- **Your goal**: Starting at the line that contains "Emporio Armani FW22", return every line through the end of the data exactly, without pictures.

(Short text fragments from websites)
◆ ◆ ◆ ◆
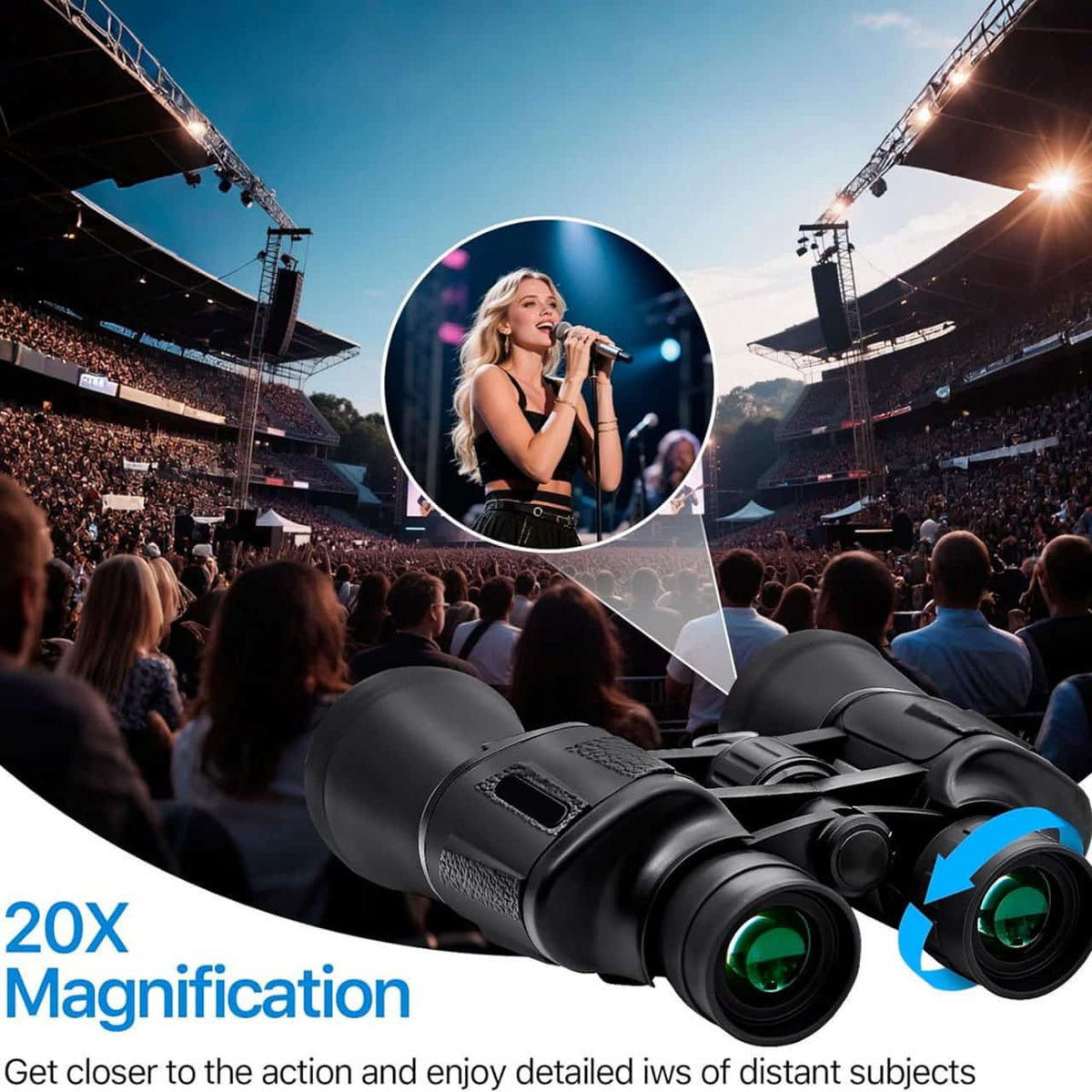 AviZoome Binoculars For Bird Watching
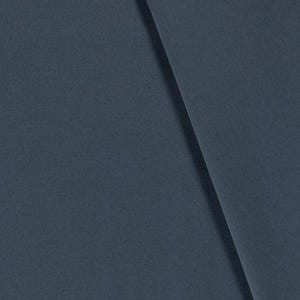 Canvas, sturdy fabric by the meter - tear-resistant bag fabric - heavy cotton fabric - plain cotton - traditional fabric - Panama - 50 x 150 cm 006 stahlblau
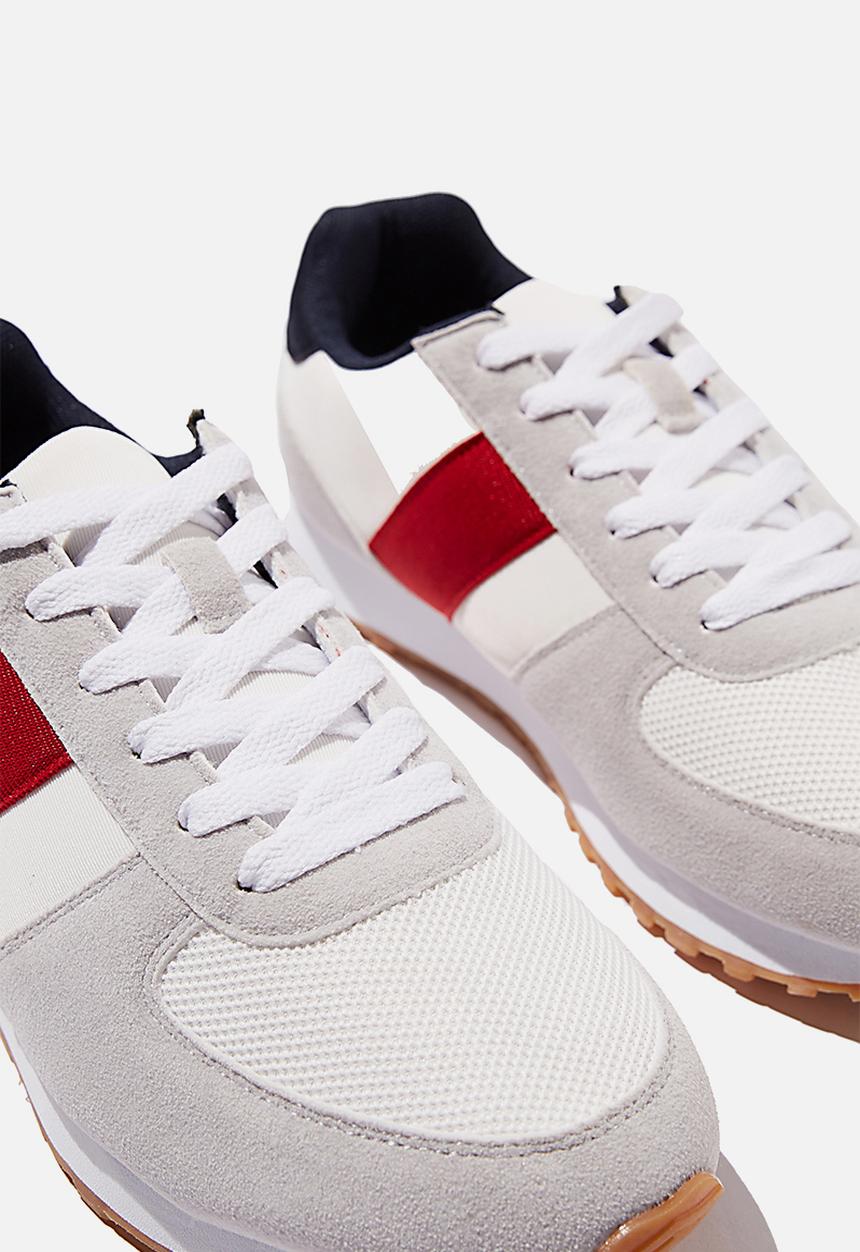 Cotton On - Olympia heritage trainer - red & navy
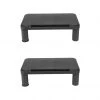 Mind Reader Durable Plastic Monitor Risers, 2 pk., Black, 2SMPLMON-BLK 2 Mind Reader Durable Plastic Monitor Risers, 2 pk., Black, 2SMPLMON-BLK -Mind Reader store 1643853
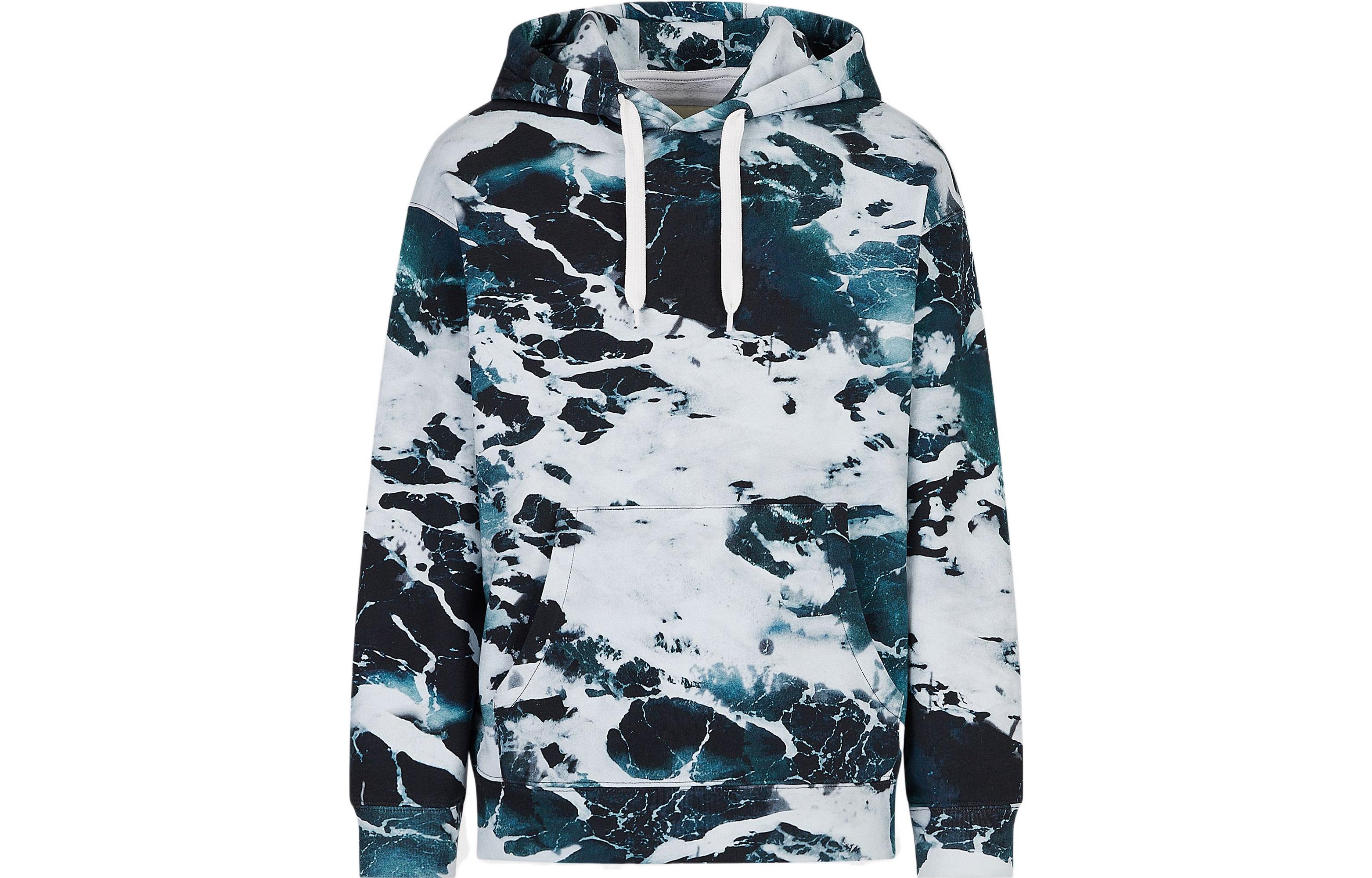 Emporio Armani FW22 Abstract Print Hoodie Multicolor Menswear 6L1M8D1-J88Z1-F934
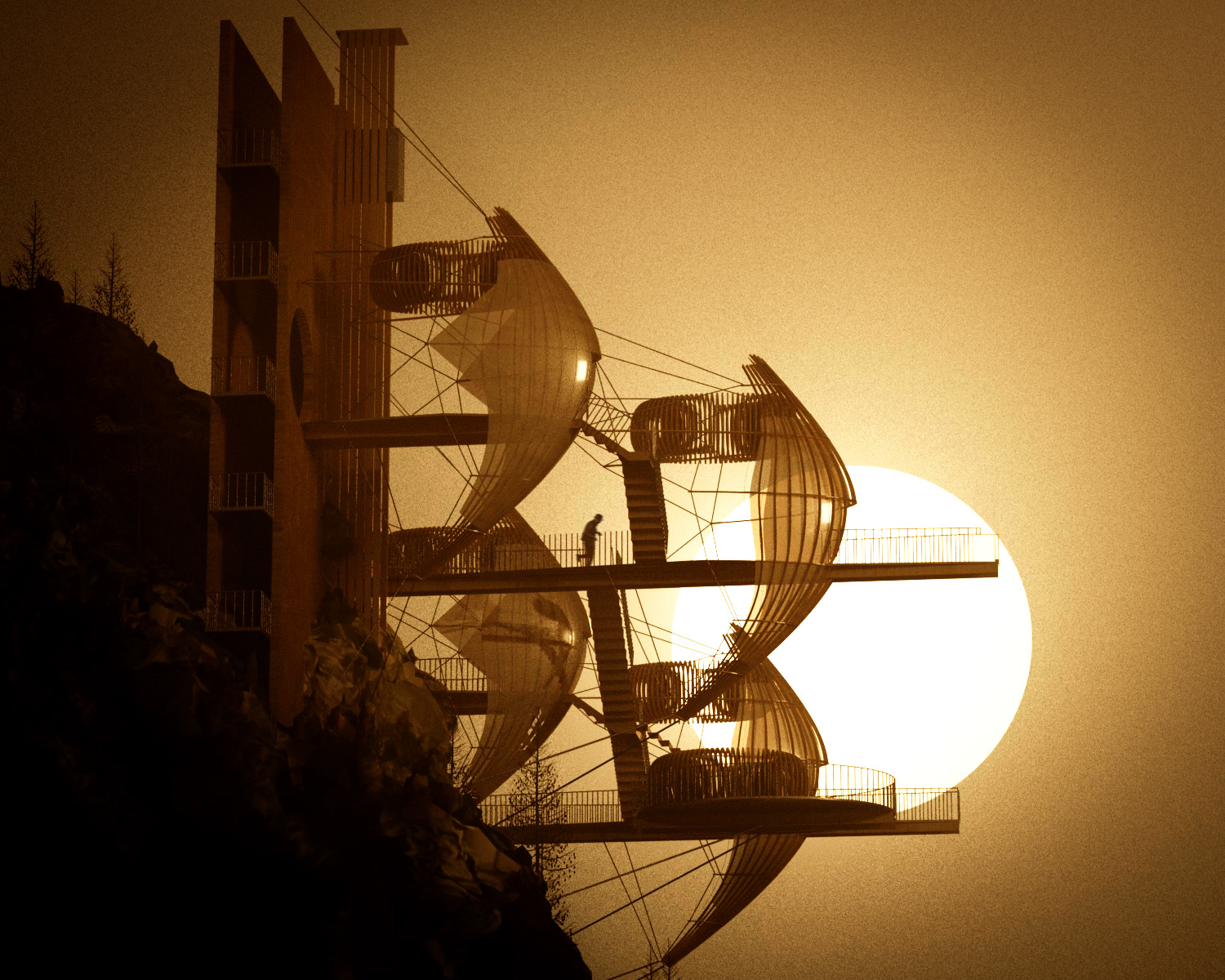 Building in the Woods 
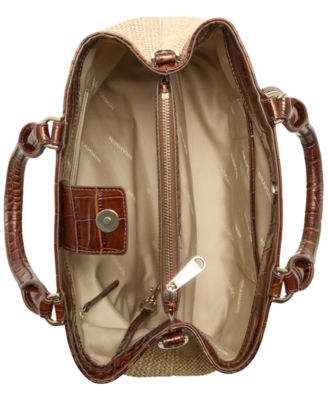 Denise Medium Raffia Satchel Bag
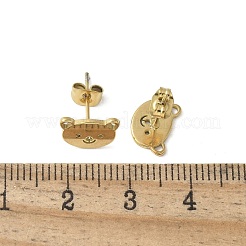 304 Stainless Steel Stud Earrings&nbsp;STAS-E501-22G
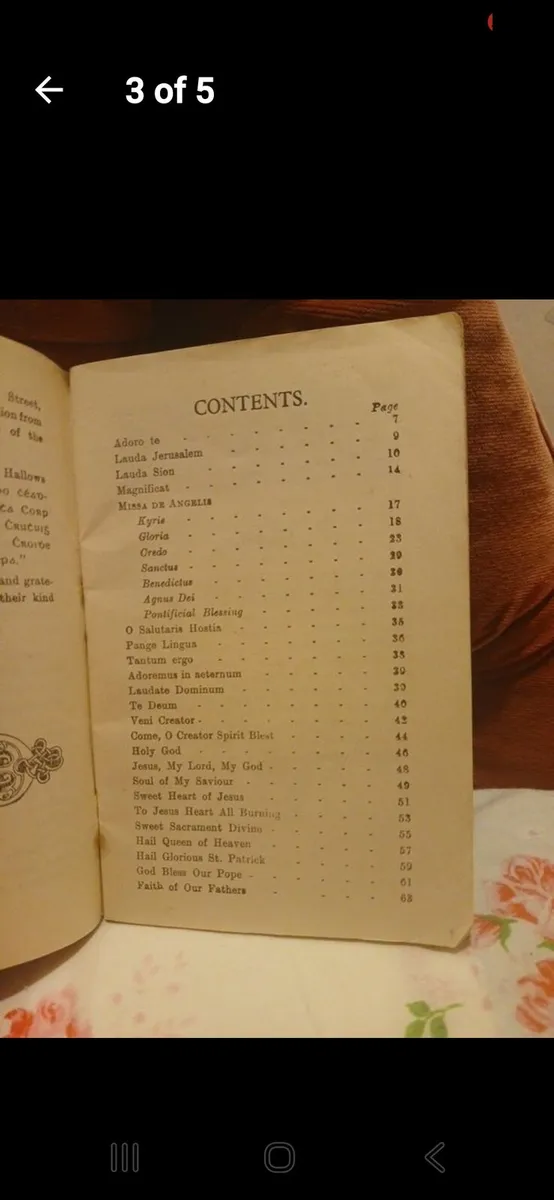 Eucharistic Congress Hymn Book - Image 3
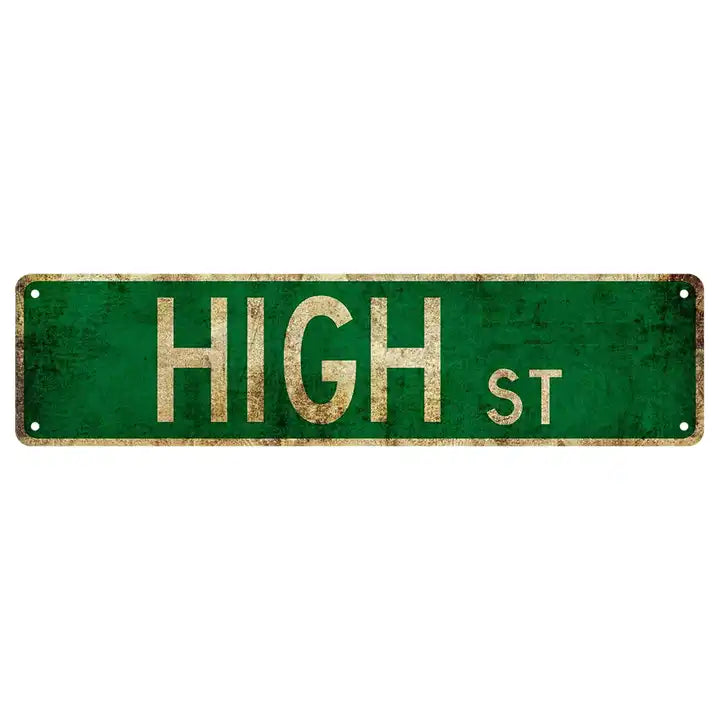 Retro street sign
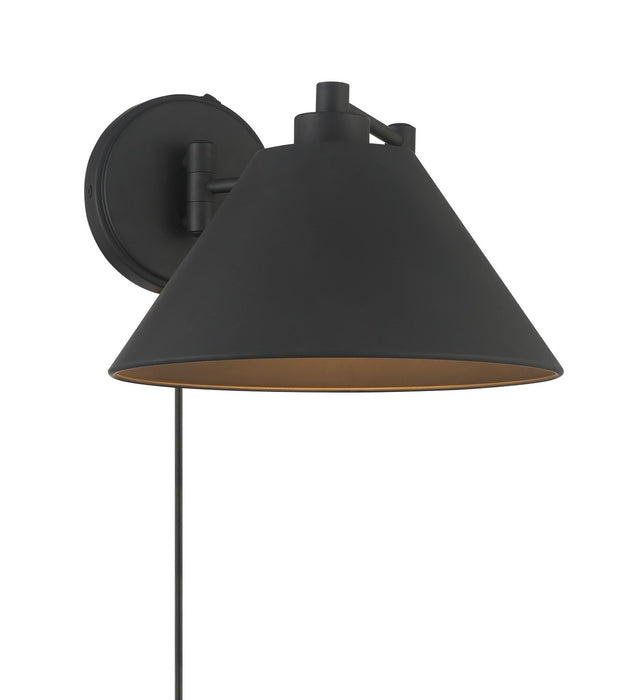 Meridian - M90086MBK - One Light Wall Sconce - Matte Black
◆ ◆ ◆ ◆
- **Task answer**:
 Emporio Armani FW22 Abstract Print Hoodie Multicolor Menswear 6L1M8D1-J88Z1-F934
 Building in the Woods 
 Denise Medium Raffia Satchel Bag
 304 Stainless Steel Stud Earrings&nbsp;STAS-E501-22G
 Eucharistic Congress Hymn Book - Image 3
 Retro street sign
 Meridian - M90086MBK - One Light Wall Sconce - Matte Black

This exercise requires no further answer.